- Problem -
Drop all images. Then write out each line below exactly as given.

Short text fragments from websites:
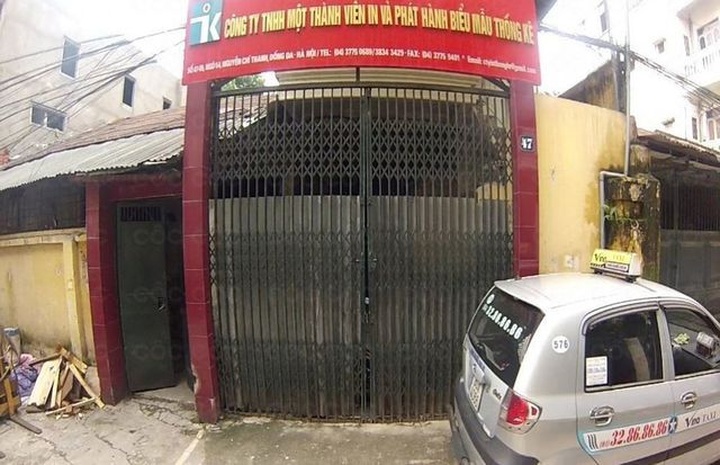 Một công ty siêu nhỏ gây bất ngờ khi lên sàn với giá ... 411.000 đồng/cổ phiếu - 1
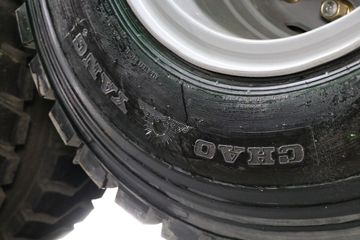 һ����� ��J6P�ؿ� 2021�� ���ʰ� 460���� 8X4 6.5��AMT�Զ�����ж��(����)(CA3310P66K24L1T4E6)ͼƬ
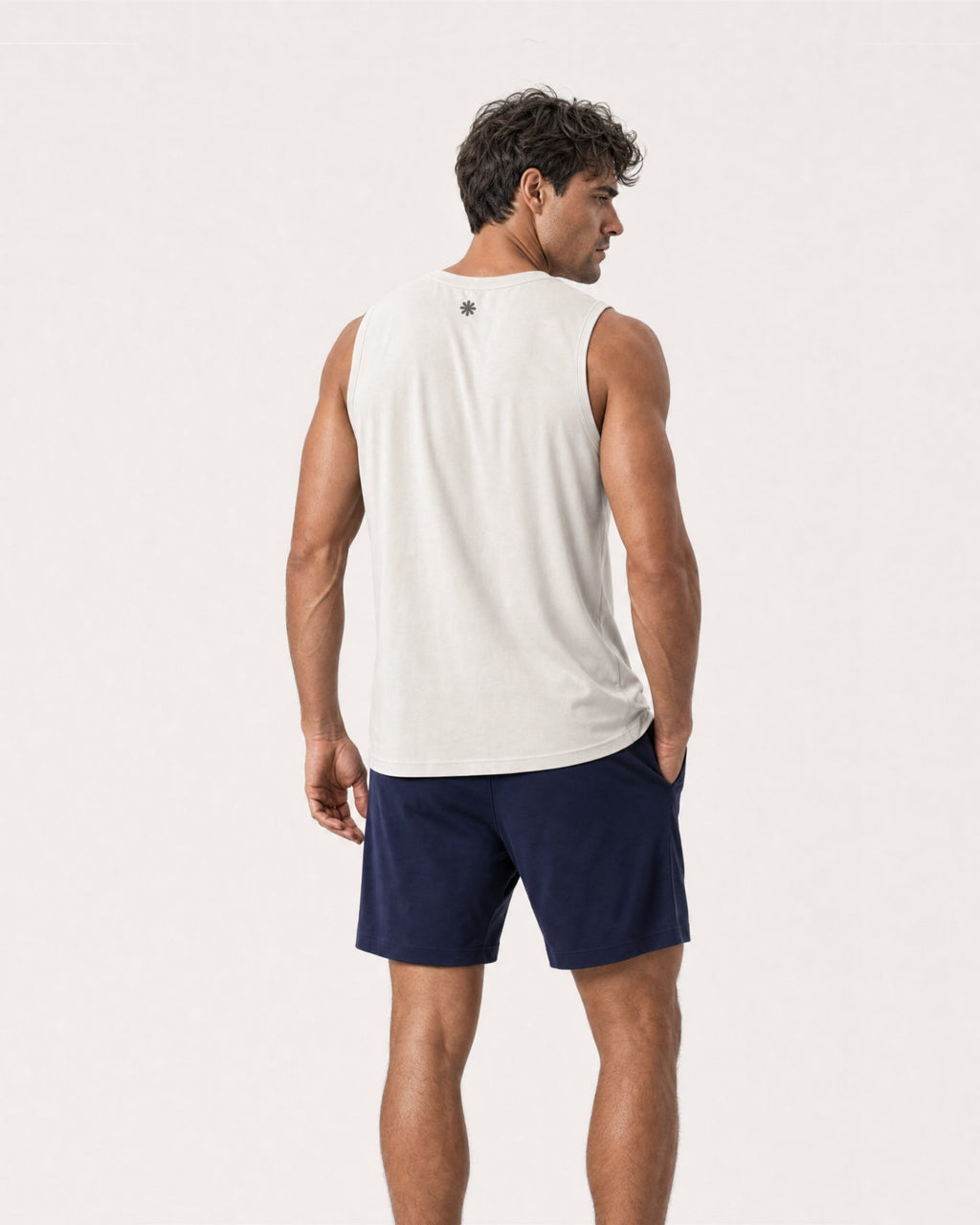 7" TRAINING SHORTS
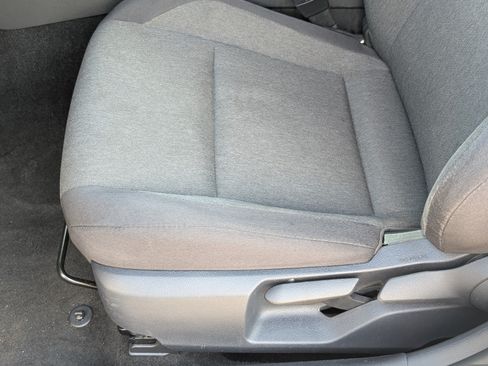 Used 2025 Toyota Camry LE FWD image 13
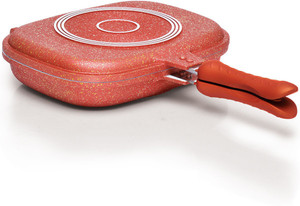 Bright Cove Pan 43x29x8 cm diameter
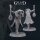 Jester 02 von Galaad Miniatures aus Royal Court July Release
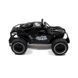 Машинка на радіокеруванні Off-road Crawler &ndash; Race (матовий чорний, 1:14) 224589 фото 3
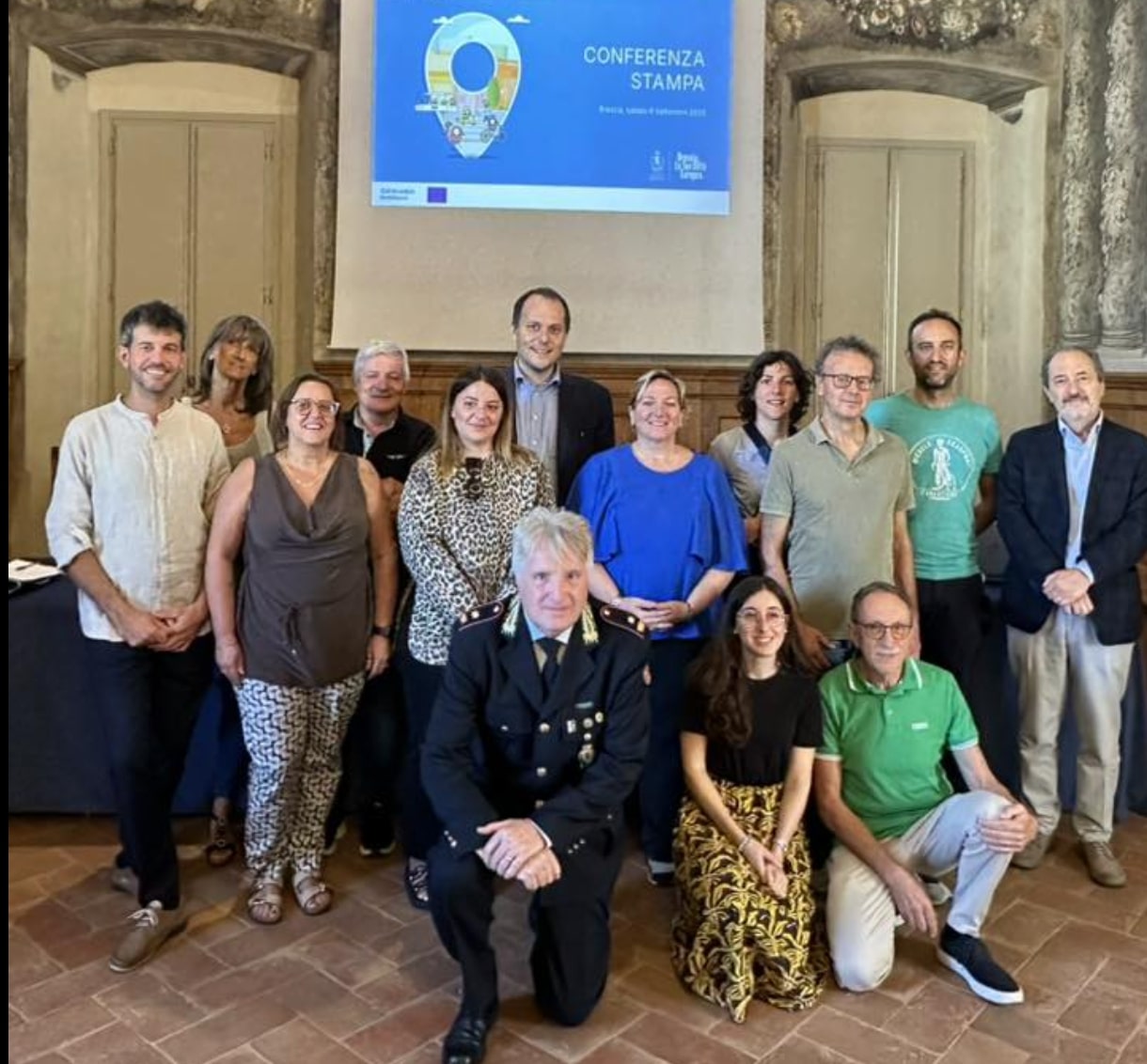 Settimana Europea della Mobilità: anche quest’anno il comune di Brescia vi ha aderito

- Output for this exercise -
 Một công ty siêu nhỏ gây bất ngờ khi lên sàn với giá ... 411.000 đồng/cổ phiếu - 1
 һ����� ��J6P�ؿ� 2021�� ���ʰ� 460���� 8X4 6.5��AMT�Զ�����ж��(����)(CA3310P66K24L1T4E6)ͼƬ
 7" TRAINING SHORTS
 Used 2025 Toyota Camry LE FWD image 13
 Bright Cove Pan 43x29x8 cm diameter
 Jester 02 von Galaad Miniatures aus Royal Court July Release
 Машинка на радіокеруванні Off-road Crawler &ndash; Race (матовий чорний, 1:14) 224589 фото 3
 Settimana Europea della Mobilità: anche quest’anno il comune di Brescia vi ha aderito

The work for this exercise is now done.